Les PEP sont des personnes qui, en raison de leurs fonctions actuelles ou passées, présentent un risque accru de corruption ou de blanchiment. Elles ne sont pas sanctionnées — mais toute relation commerciale avec elles impose une vigilance renforcée.

Qui est PEP ?

  • Chefs d'État, ministres, parlementaires, ambassadeurs
  • Hauts responsables d'entreprises publiques
  • Juges de cours supérieures
  • Dirigeants de partis politiques
  • Membres de la famille proche et associés notoires des PEP (par extension)

Les obligations spécifiques pour les PEP : approbation par la direction avant d'entrer en relation, identification de l'origine des fonds, surveillance continue de la relation.

Obligations de filtrage

Quand filtrer ?

  • À l'entrée en relation avec toute nouvelle contrepartie (client, fournisseur, partenaire)
  • Lors de chaque mise à jour significative du dossier client
  • Avant toute transaction supérieure à un seuil défini (10 K€ est un seuil courant pour les PME)
  • À chaque publication d'une nouvelle liste de sanctions

Comment filtrer ?

Le filtrage manuel est impraticable à l'échelle : les listes contiennent des dizaines de milliers de noms, mettent à jour plusieurs fois par mois, et nécessitent un fuzzy matching pour détecter les variantes orthographiques. Les outils automatisés sont indispensables.

La solution open-source la plus complète est OpenSanctions, qui agrège plus de 200 listes mondiales en une base normalisée et mise à jour en temps réel.

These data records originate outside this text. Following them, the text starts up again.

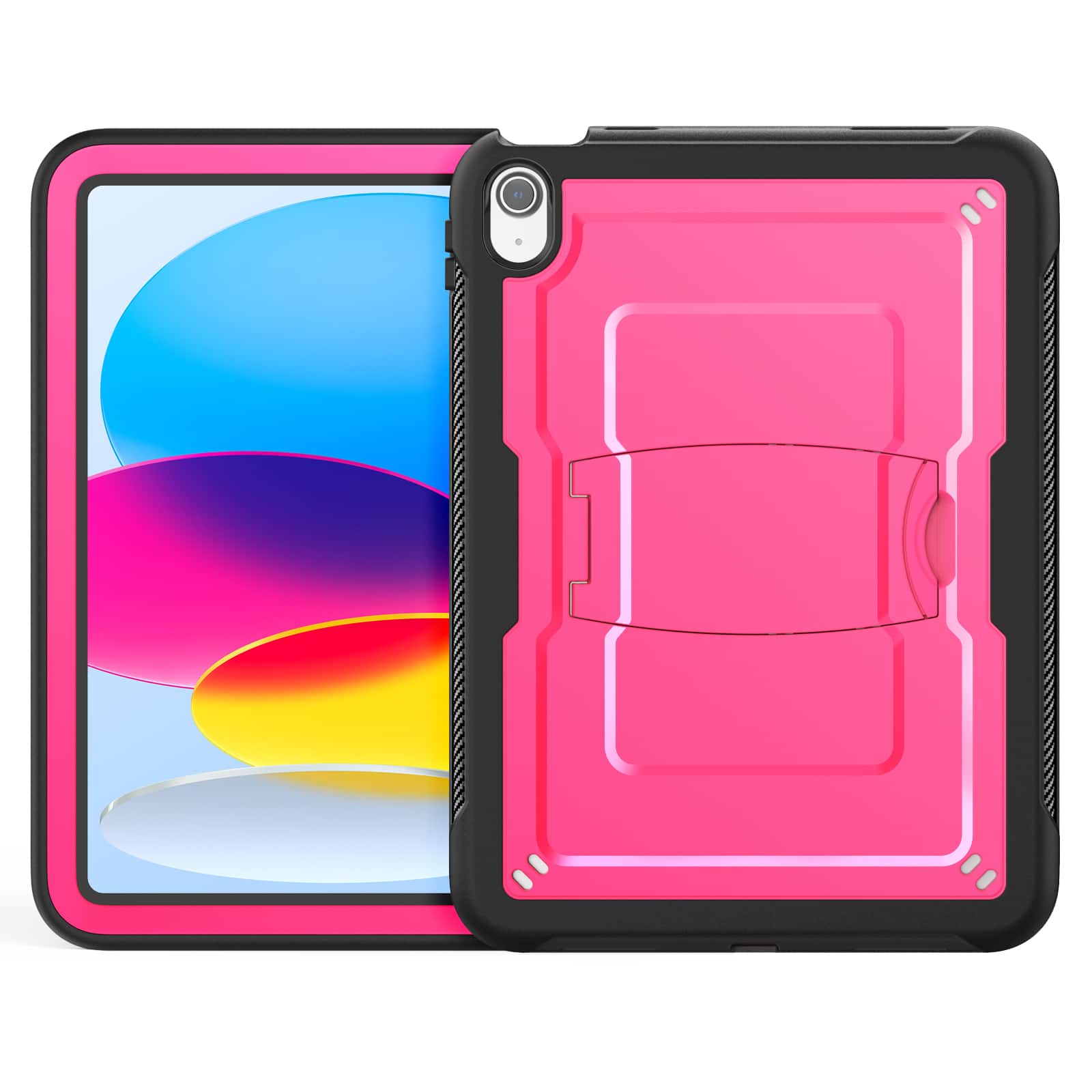Dteck - Rugged Case for iPad A16 11th Gen 2025 / iPad 10th Gen 10.9" 2022, Heavy Duty Shockproof Cover with Kickstand - Rose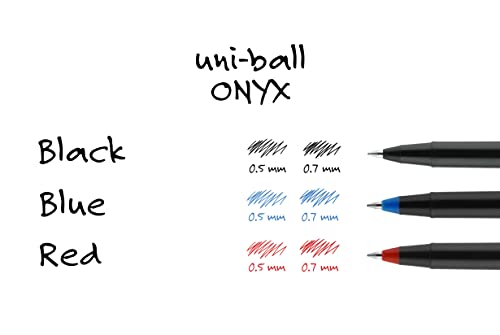 uni-ball Onyx Rollerball Pens Fine Point Micro Tip, 0.5mm, Black, 12 Pack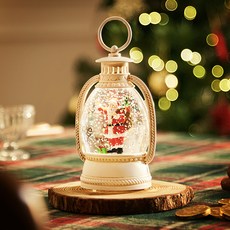 크리스마스 워터볼 스노우볼 무드등 장식 랜턴 화이트 산타 선물 보타리, 랜턴화이트산타, 1개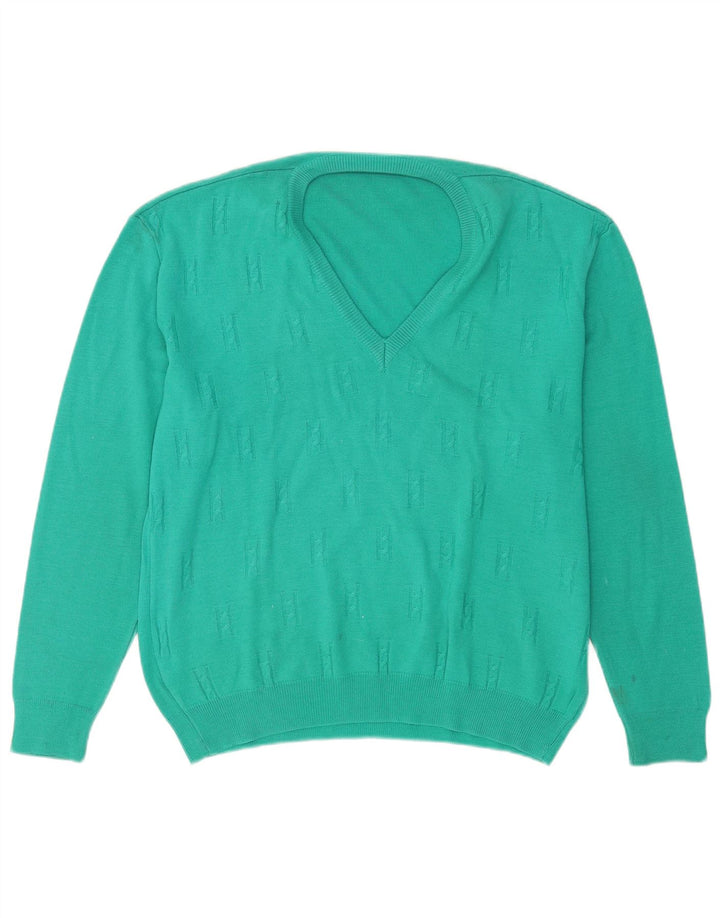 Vintage Mens V-Neck Jumper Sweater Large Turquoise Wool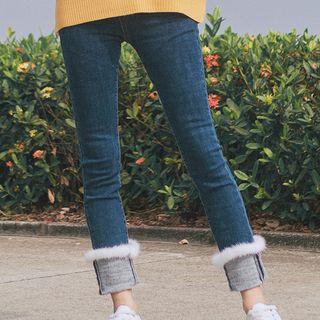 Furry Trim Skinny Jeans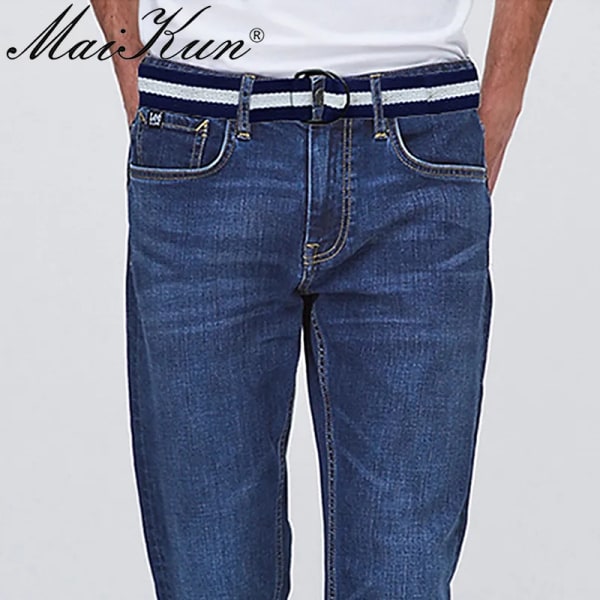 Maikun Tactical Canvas Herrbälte Högkvalitativ unisex dubbel D-ringsspänne Midjeband Casual Canvas Dambälte Tyg för jeans Blue Stripe 110cm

L'API est gratuite pour les usages modérés et payante pour les volumes importants.

Conséquences d'une violation

Les sanctions pour violation peuvent atteindre :

  • Amendes financières : de plusieurs centaines de milliers à plusieurs milliards d'euros (voir cas BNP)
  • Interdictions d'exercice : retrait d'agrément, suspension d'activité
  • Responsabilité pénale : les dirigeants peuvent être personnellement poursuivis
  • Atteinte réputationnelle : perte de confiance des clients, des banques, des investisseurs
  • Exclusion du système bancaire mondial : une entreprise sanctionnée ne peut plus ouvrir de compte en dollars, ni traiter avec les grandes banques internationales

Mettre en place un programme de sanctions

Voici les 5 étapes pour être conforme :

  1. Cartographier les risques : identifier les contreparties à risque selon les critères géographiques, sectoriels et de montant
  2. Définir une politique interne : qui filtre, quand, avec quels outils, avec quelles procédures d'escalade
  3. Automatiser le filtrage : intégrer OpenSanctions ou équivalent dans le workflow d'entrée en relation
  4. Former les équipes : les commerciaux et les opérationnels doivent reconnaître les signaux d'alerte
  5. Documenter et archiver : conserver les preuves de filtrage pendant 5 ans minimum

Le rôle des outils modernes

Les outils de due diligence automatisée intègrent nativement le filtrage sanctions comme composante du scoring. L'utilisateur ne gère pas les listes : il reçoit directement le résultat du croisement en même temps que le score global.